[QUOTE=out west;7768278]
Actually not accurate. The chromosomes that a stallion or mare pass to their offspring are not strictly from one parent or the other. During the formation of egg or sperm, paired chromosomes unite and genetic material is exchanged, so called crossing over. This occurs prior to the chromosomes separating and assorting into the final product (egg or sperm). So it is possible for more genetic material from one grandparent to end up in the offspring.[/QUOTE]
Sorry but wrong. A stallion has only one copy of the x, so there is no crossing over. That was my point in bringing this up.
Please support this statement with the “statistics.” My understanding is, again, absent sex-linked traits, each of the chromosomes of either parent has a 50% chance of being transmitted to the offspring. Not sure how statistics support the “or more.”
Each parent has a 100% chance of transmitting 32 chromosomes to their offspring. Offspring receive a full copy from each parent, in horses that is 32. Therefore each parent is responsible for half of the total amount, since there are two copies of everything the total being 64 but half are redundant. Each parent is responsible for 50% of the total. There is no 50% chance of transmission when speaking of what each parent donates, it is 50% of the total.
Your are confusing transmission percentages with population percentages.
It is if you try and calculate what each grand parent donated to a grand offspring, that is when you can loosely use the 25%. But it can be more or less. However, with the X chromosome, this is bumped up because of the non cross over transition of the x.

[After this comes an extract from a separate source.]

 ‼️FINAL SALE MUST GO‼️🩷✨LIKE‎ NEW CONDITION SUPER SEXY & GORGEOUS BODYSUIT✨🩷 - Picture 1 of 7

Nonetheless, you can’t compare 50% of the stallion’s potential contribution (by eliminating the male offspring) with 100% of the mare’s potential contribution to conclude that the stallion is a better transmitter of the dam line.
Your not thinking about this correctly. First of all we only need to speak of female offspring as there has never been a stallion that was someone’s dam. Secondly, the dam does not contribute 100% to her female offspring. That would be a clone.
She, like the stallion, contribute about 50% (the mit. dna is the about) of the dna. But with the stallion, there is 10% that is directly transmitted from the stallions dam. So the stallion can actually transmit more directly the genetics of his dam then a mare can.
This isn’t about stats, it is realizing how the inheritance works. Stats would come into view when you consider population genetics.
I am comparing directly the genetic information a dam can transmit from her dam, compared to how much a stallion can contribute from his dam - to a female offspring.